Second, I’m a weight-battler, non-weigher, and the last time I lost a significant amount of weight, I didn’t even see much loss on the scale because I was building so much muscle that it was a wash in terms of actual body weight. In my clothes, however, there was a great difference. I think your idea of eating like a “normal eater” is a good one; I try to emulate my skinnier fiends who have a big dinner or a glass of wine, but then eat lighter the net day, or go for a long walk after a big meal. It all seems much more natural and do-able than weighing every morsel and obessing over my progress on the treadmill. Mostly, its damned hard work except for the times when, like your sister, we are literally “consumed” by anxiety, guilt or grief.
Linda Ball says
Weighing is about trends. Differences of .5 to 2 or 3 pounds, depending on the person, can reflect hydration, time of day, etc. Weigh regularly long enough and you will see the trends. But you really shouldn’t make the number on the scale the goal.
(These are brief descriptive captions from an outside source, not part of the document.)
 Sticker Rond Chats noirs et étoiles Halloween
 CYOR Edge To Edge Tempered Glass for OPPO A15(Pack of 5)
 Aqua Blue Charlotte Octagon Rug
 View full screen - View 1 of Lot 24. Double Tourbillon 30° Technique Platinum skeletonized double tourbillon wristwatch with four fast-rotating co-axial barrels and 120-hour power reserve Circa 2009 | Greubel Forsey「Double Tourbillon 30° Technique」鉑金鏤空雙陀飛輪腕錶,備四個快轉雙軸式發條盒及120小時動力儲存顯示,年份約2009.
The goals should be set in terms of eating healthy things and minutes of cardio or sets of weights. I weigh somewhere between 159.5 and 163. I weighed somewhere around 179-182 five years ago when I retired. I’ve definitely ‘lost weight.’ My body feels more muscular, though, and how to account for that? And I feel better after playing tennis on hard courts or going up some stairs. Hard to measure, but still noticeable.
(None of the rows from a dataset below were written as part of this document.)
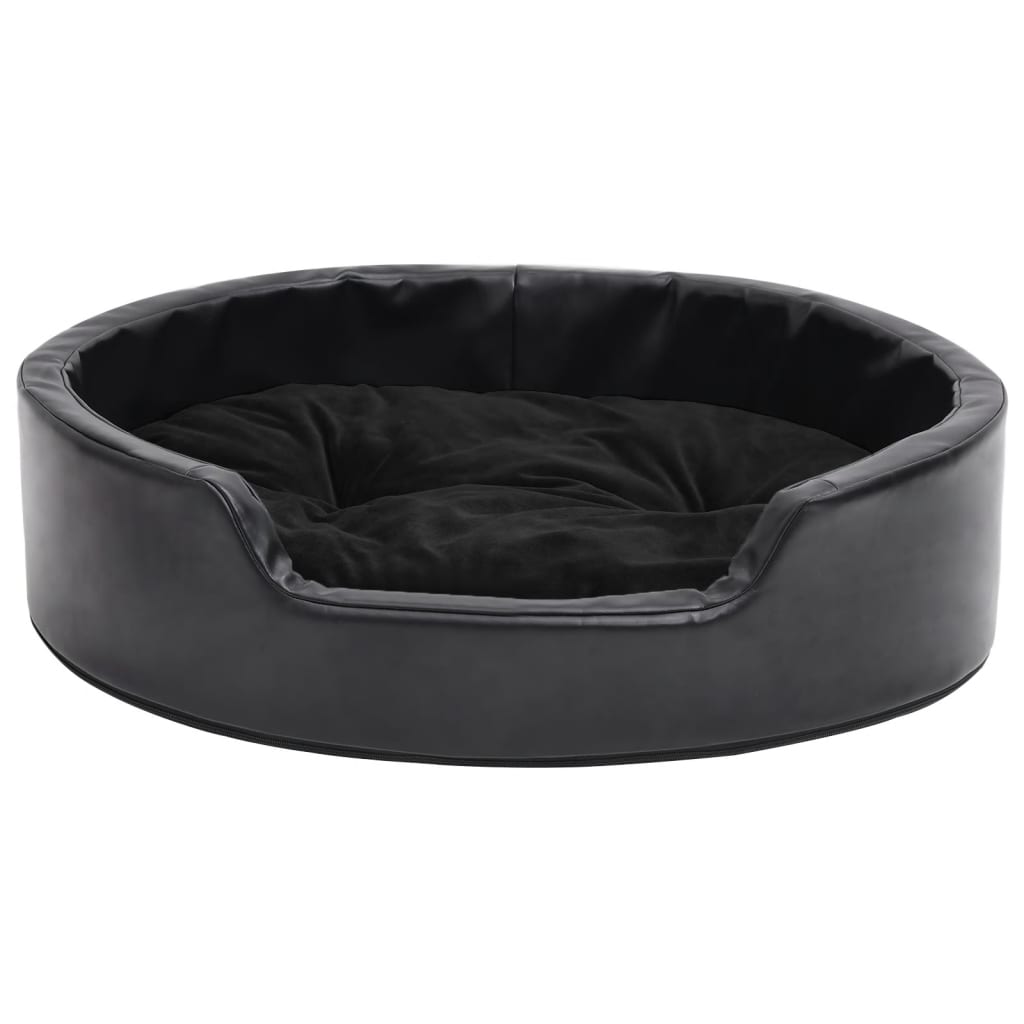 Hundeseng svart 69x59x19 cm plysj og kunstig lær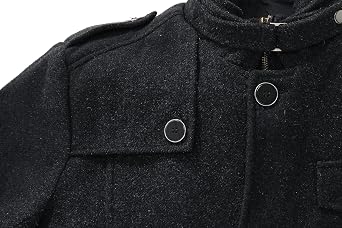 wantdo Men's Wool Blend Jacket Stand Collar Windproof Pea Coat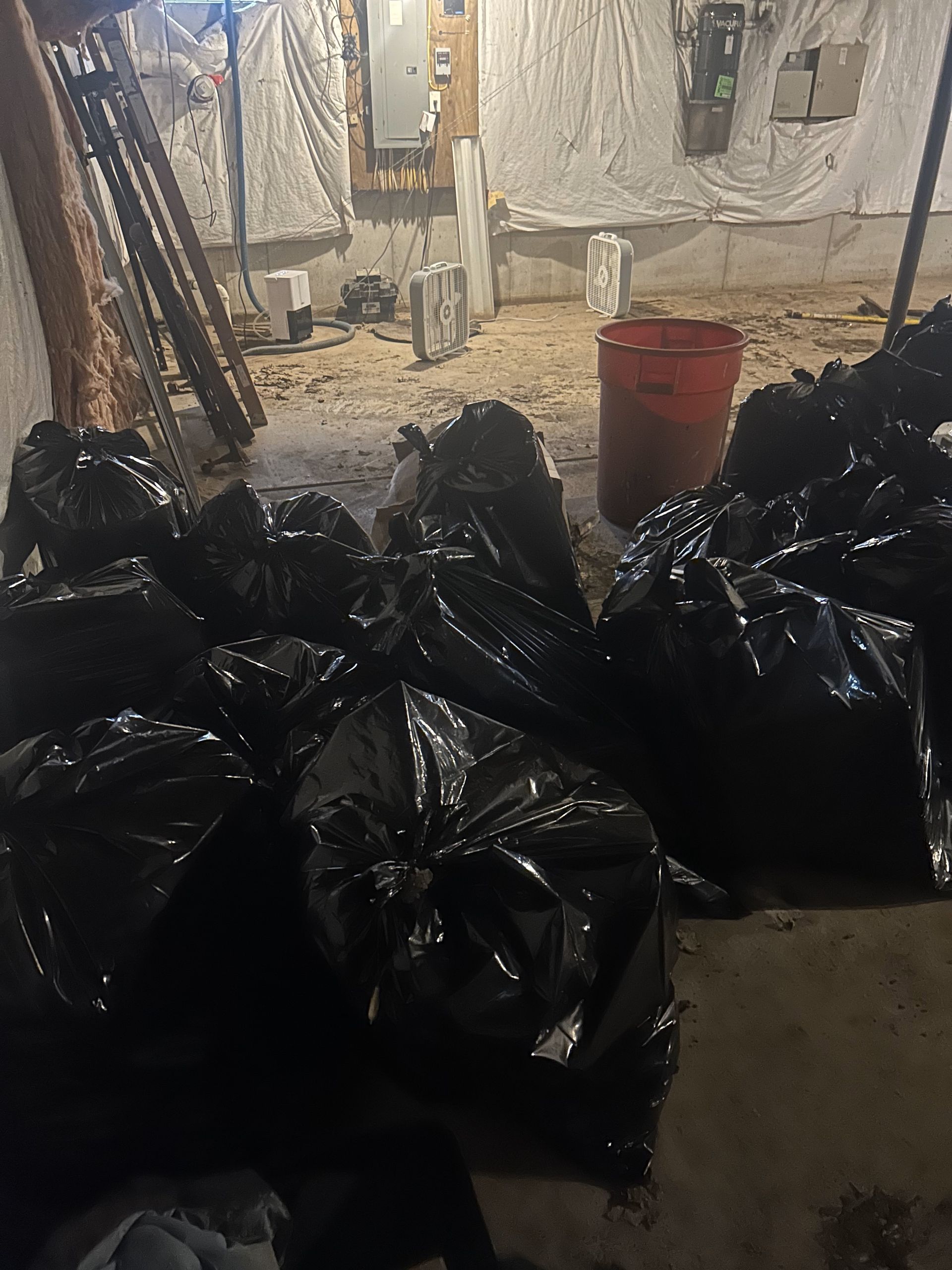 Piles of black garbage bags in a dim basement with a red bucket and hanging clothes in the background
And, by the way, lots more than four people will be reading since you won ‘best of’ over at Holidailies! Congratulations. Good post.
Thanks so much for the message! I was totally sideswiped by this Holidailies honor, and thrilled!!
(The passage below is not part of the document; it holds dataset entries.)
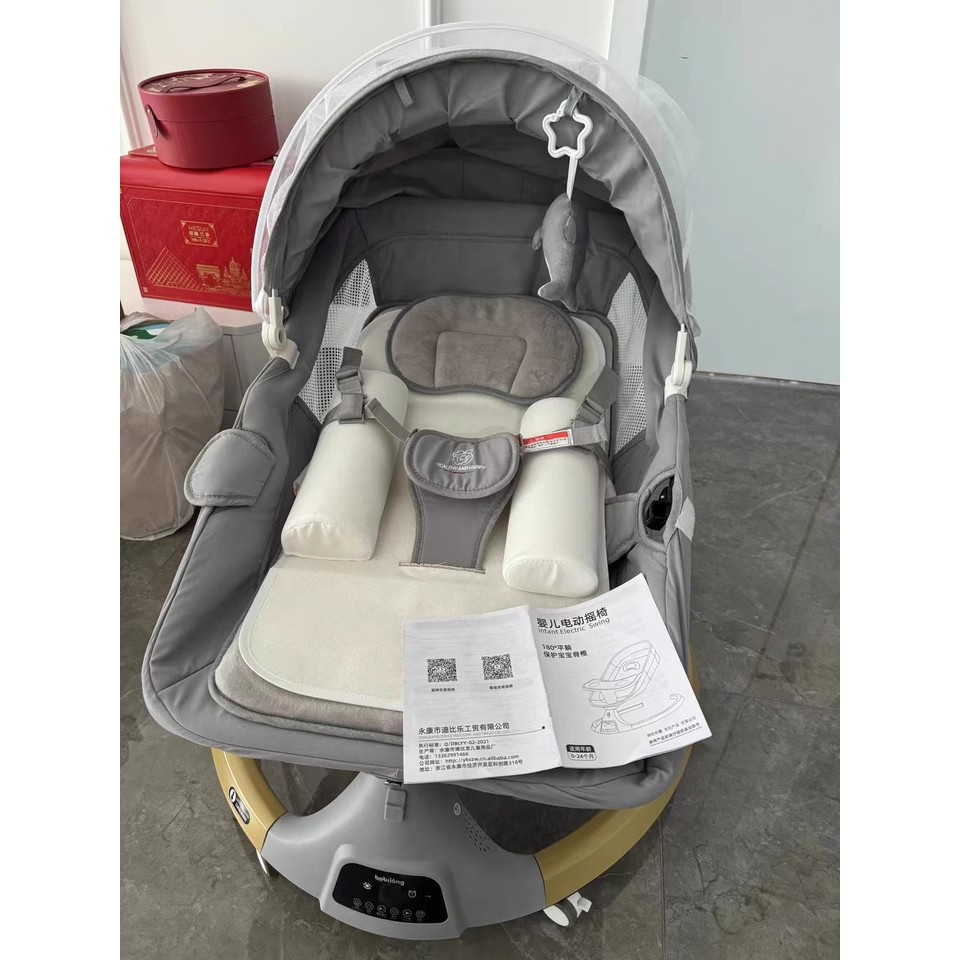 [CÓ BÁNH XE] Nôi em bé bằng điện tự động BobiLong 4in1 với lòng nôi RỘNG, ngả lưng và nằm 180 độ tải trọng 18KG | BigBuy360 - bigbuy360.vn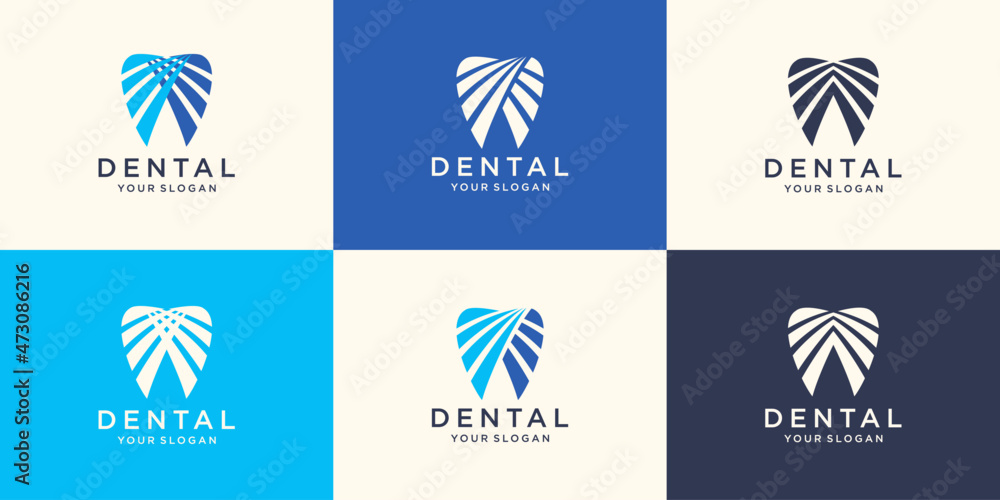 Set of abstract icons, signs and symbols with tooth for dental clinic logo concept in blue and white colors Set of abstract icons, signs and symbols with tooth for dental clinic logo concept in blue and white colors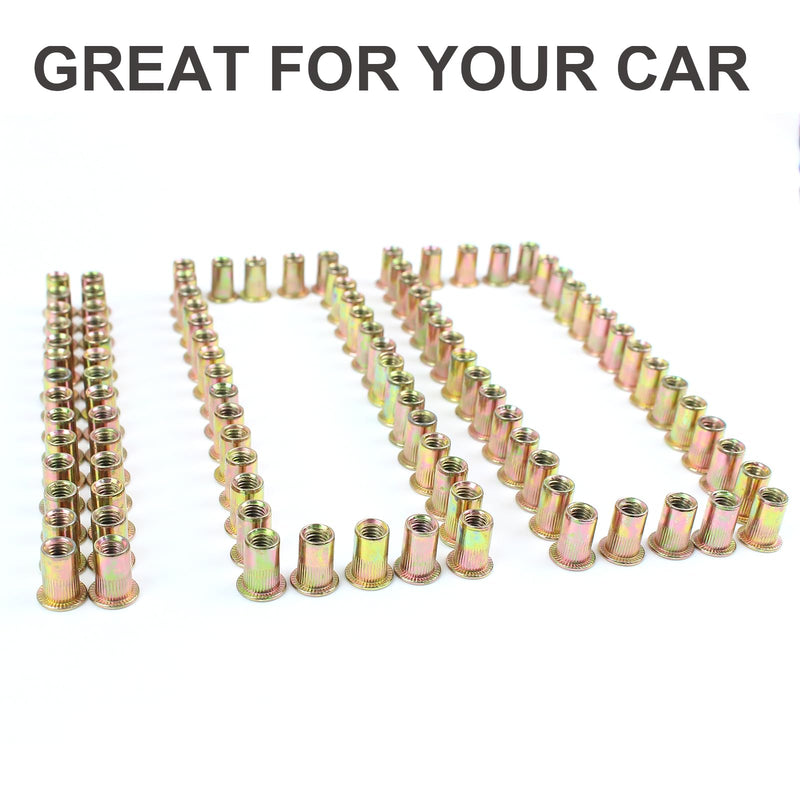 [Australia - AusPower] - 100PCS M6 Rivet Nut - Rivet Nuts, Premium M6 Threaded Inserts for Metal, Nutsert Tool Kit for Sheet Metal, Rivet Nut Kit, Threaded Rivets 012. 100pcs M6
I also agree with your approach to “normal” eating. That’s my goal–to be able to do what the naturally slim people do. And, like you, I abhor measuring or weighing (food, or myself), or keeping track of points, etc. I feel I should just be able to eat foods that are good for me, until I don’t feel like eating any more (it’s that last part that’s still a problem).
Great inspiration to know that the weight can be lost and kept off without worrying about the scale at all. Yours was the first message I saw that told me about the “Best of,” so thanks! And to everyone who did read, I’m really grateful. Wow! This blogging thing is turning out to be an incredible amount of fun!!
Hi Ricki! I checked out your latest and I so agree: weekly weigh-ins are not at all inspiring. As someone who has lost approximately 15 pounds this past year without dieting (I just ate “normally” which meant in a healthy way), I have become a firm believer in weighing myself only every three months or so. It really is a more realistic way to go, given how much our weight can fluctuate even within a day.